Pour tout jardinier, le bulletin météo s'avère crucial, car les activités au jardin dépendront des températures et des précipitations annoncées. Chaque année, les prévisions météorologiques saisonnières sont élaborées, mais leur fiabilité soulève des interrogations persistantes.
Comment sont réalisées les prévisions météo saisonnières ?

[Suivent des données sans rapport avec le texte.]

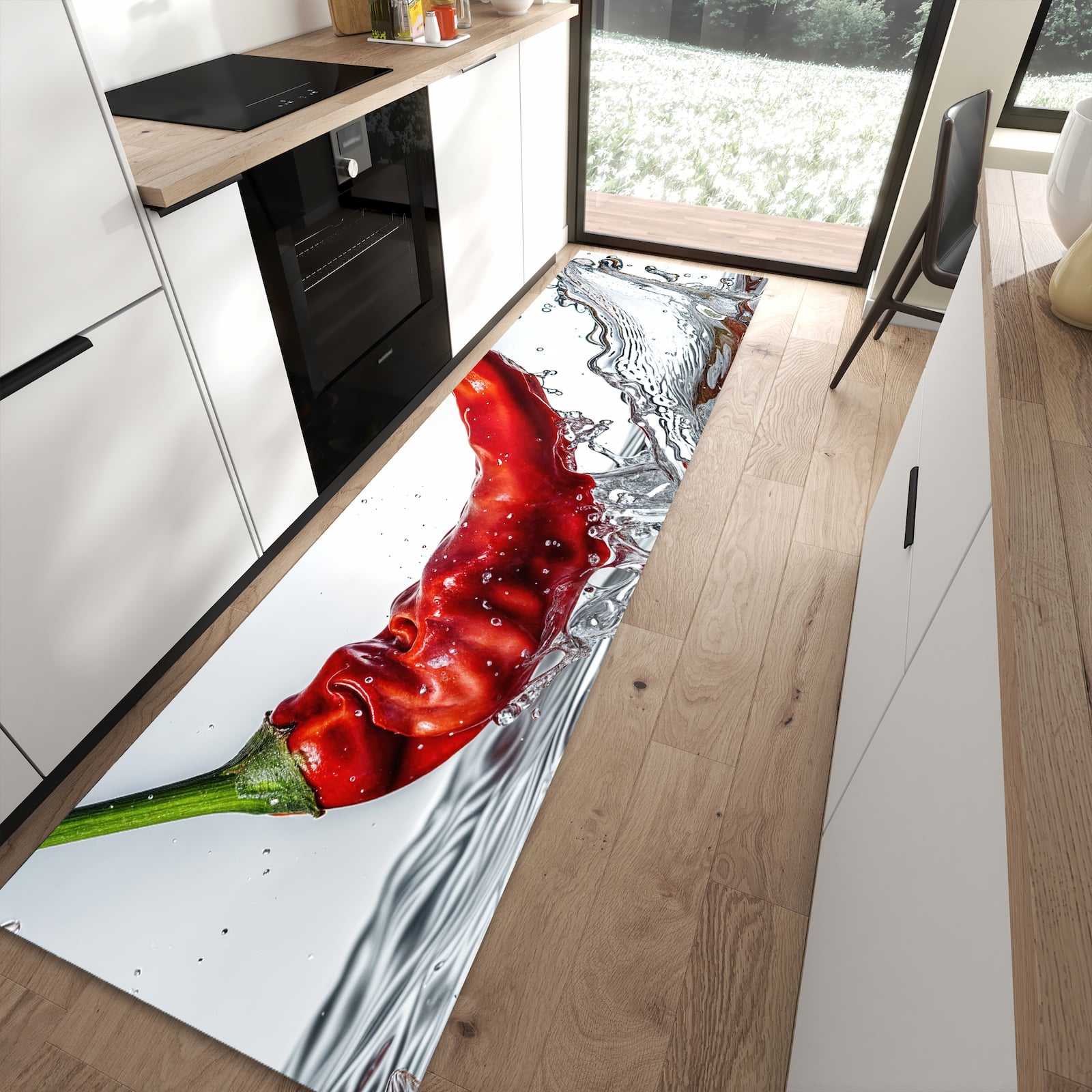 Zeitsparender moderner Küchenläufer mit Motiv Chiliim Wasser in moderner Küche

Météo-France, un établissement public sous la tutelle du ministère de l'Environnement, a pour mission d'anticiper les phénomènes météorologiques dangereux. Cette organisation collabore avec d'autres agences météorologiques sur des échelles européenne et mondiale.
Les prévisions saisonnières sont générées à l'aide de modèles informatiques sophistiqués, qui se basent sur des équations mathématiques et des données fournies par des institutions similaires à Météo-France à l’étranger. Ces modèles jaugent non seulement l'évolution de l'atmosphère, mais aussi celle des océans et des glaces marines, afin d'offrir une synthèse fiable, laquelle sert de fondement à leurs bulletins de prévision classique.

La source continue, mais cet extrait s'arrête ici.